Chapitre 8

62 18 8
                                    

En arrivant dans le self, accompagnée de Gwenaëlle, nous nous installons à une table de six, assez grande pour accueillir toutes les autres arrivant après nous. Nous entamons nos entrées respectives, carottes râpées pour elle, et saucisson avec de la salade pour moi. Lorsque j'aperçois Ginny et Lucie, je leur fais signe pour qu'elle nous repèrent dans la grande salle.

Je vois le regard de Ginny nous effleurer, puis continuer sa route pour s'arrêter sur une table situé derrière nous. Les deux brunes échangent un sourire, se dirigent vers notre table... Et la dépasse en ne nous adressant pas un regard. Alors que je me pétrifie en provoquant sans le vouloir le bruit atroce du couteau sur l'assiette, Gwen me dévisage en reposant calmement ses couverts.

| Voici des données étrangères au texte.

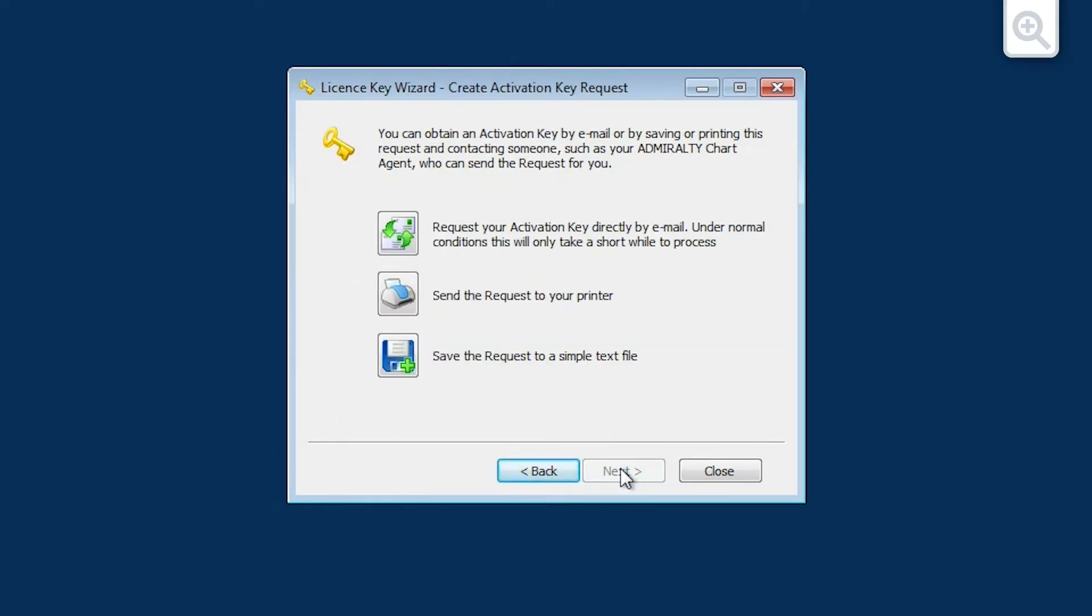The create activation key request screen is now displayed. Click the button for Save the request to a simple text file.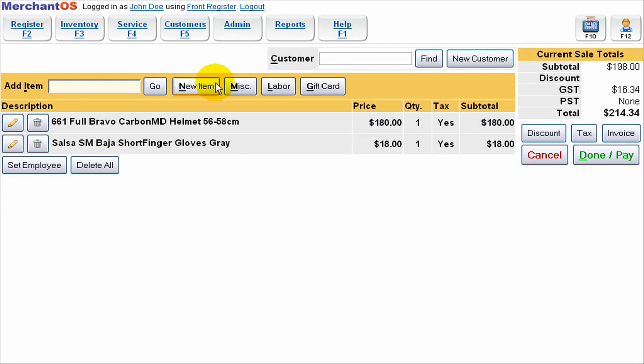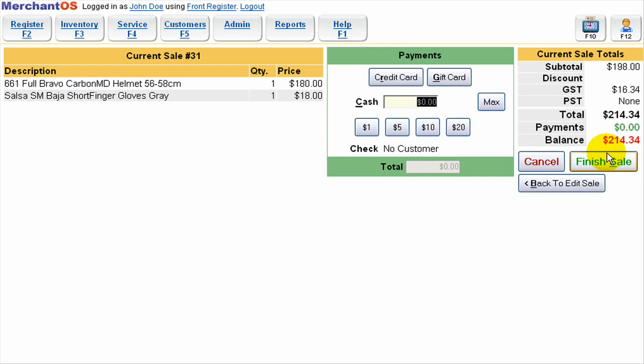To pay for the sale we just press done/pay or as a shortcut we can just press alt D. Now this is where we select our payment type and how much the customer is paying.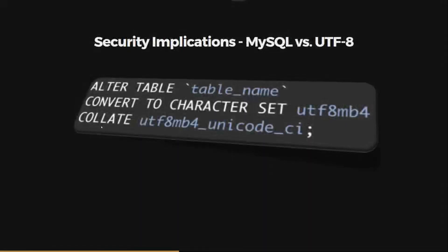There is a solution: MySQL is capable of full UTF-8 support if you set the character set to utf8mb4 — which stands for multi-byte 4. This is not set by default, but if you set it, your database or table can handle all over one million UTF-8 characters.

"Ça va ? me demande-t-elle, l'air soucieux.

- Tu n'as pas vu ?

- Voir quoi ?

- Ben Ginny et Lucie viennent de s'installer à une autre table...

- Ah bon ? Tu es sûre ?"

Elle paraît réelement surprise, fronce ses fins sourcils, et se redresse pour fouiller le réfectoire des yeux. Éloïse arrive à cet instant, et pose son plateau rempli à côté du mien. Lorsqu'elle nous demande où sont les filles, je lui répète qu'elles sont assises à une autre table. Lorsqu'Éloïse me demande pourquoi, je me contente de hausser les épaules.

" Bah, conclut Éloïse, elles ont pas dû nous voir et c'est tout.

-Oui, sûrement ! la soutient Gwen."

Pourtant, je ne suis pas convaincue par ce que la brune aux yeux clairs avance. Je sais moi, que Ginny et Lucie nous ont vu. Mais je décide de me taire, car de toute façon, jamais les filles ne me croieront. Thaïs arrive, accompagnée de Maëlle et Anaelle.

J'aime beaucoup Maëlle et Anaelle. Je ne les connais pas depuis longtemps, mais ces jumelles sont vraiment sympas. Elles ont beau se ressembler comme deux gouttes d'eau, leurs caractères diffèrent autant que la nuit et le jour.
Les deux sœurs ont de longs cheveux bruns, qu'elles laissent tout le temps attachés. Je crois bien que je ne les ai jamais vu sans chignon ou tresse. Elles sont plutôt grandes, mais pas au point de dépasser Gwen. Maëlle porte des lunettes, qui encadrent ses yeux marrons, identiques à ceux de sa jumelle.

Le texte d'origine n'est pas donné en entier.